Nothing but the lines from the one with "CASIO MTP-E335D-2E1VD miesten" through the end of the records may appear in the answer, each reproduced exactly, pictures omitted.

(Beginning of Data in this exercise)

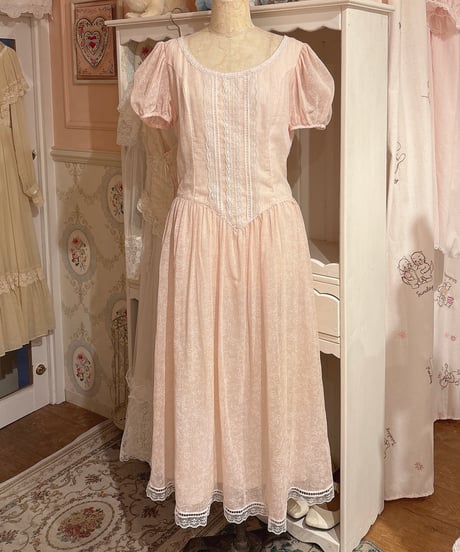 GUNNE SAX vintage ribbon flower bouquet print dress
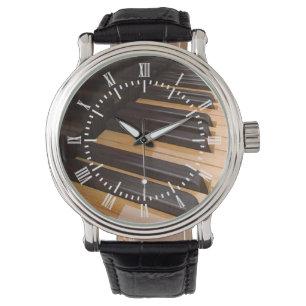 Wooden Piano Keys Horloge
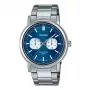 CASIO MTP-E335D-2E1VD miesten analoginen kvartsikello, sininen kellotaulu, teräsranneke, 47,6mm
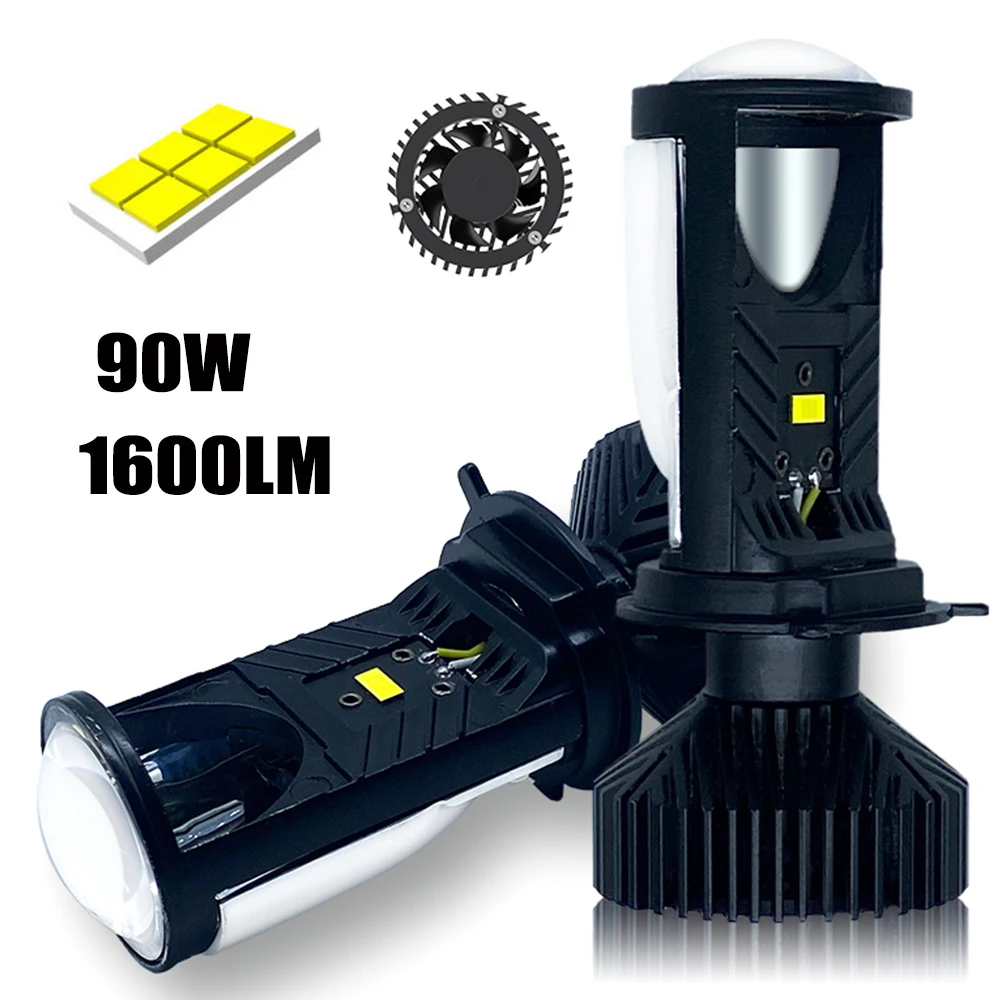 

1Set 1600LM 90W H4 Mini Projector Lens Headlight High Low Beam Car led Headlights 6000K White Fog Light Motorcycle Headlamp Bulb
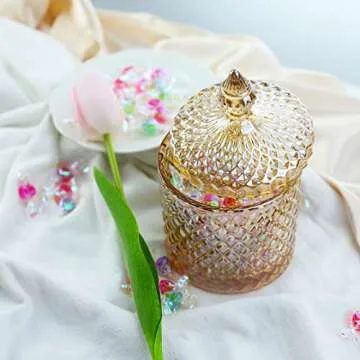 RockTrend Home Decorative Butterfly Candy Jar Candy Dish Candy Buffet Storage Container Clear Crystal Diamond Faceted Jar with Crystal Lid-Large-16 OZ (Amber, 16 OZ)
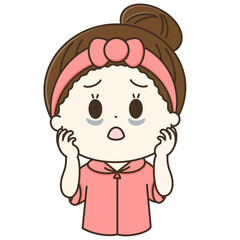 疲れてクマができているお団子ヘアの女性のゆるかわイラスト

(End of Data in this exercise)

• _Written response_
 CASIO MTP-E335D-2E1VD miesten analoginen kvartsikello, sininen kellotaulu, teräsranneke, 47,6mm

1Set 1600LM 90W H4 Mini Projector Lens Headlight High Low Beam Car led Headlights 6000K White Fog Light Motorcycle Headlamp Bulb
 RockTrend Home Decorative Butterfly Candy Jar Candy Dish Candy Buffet Storage Container Clear Crystal Diamond Faceted Jar with Crystal Lid-Large-16 OZ (Amber, 16 OZ)
 疲れてクマができているお団子ヘアの女性のゆるかわイラスト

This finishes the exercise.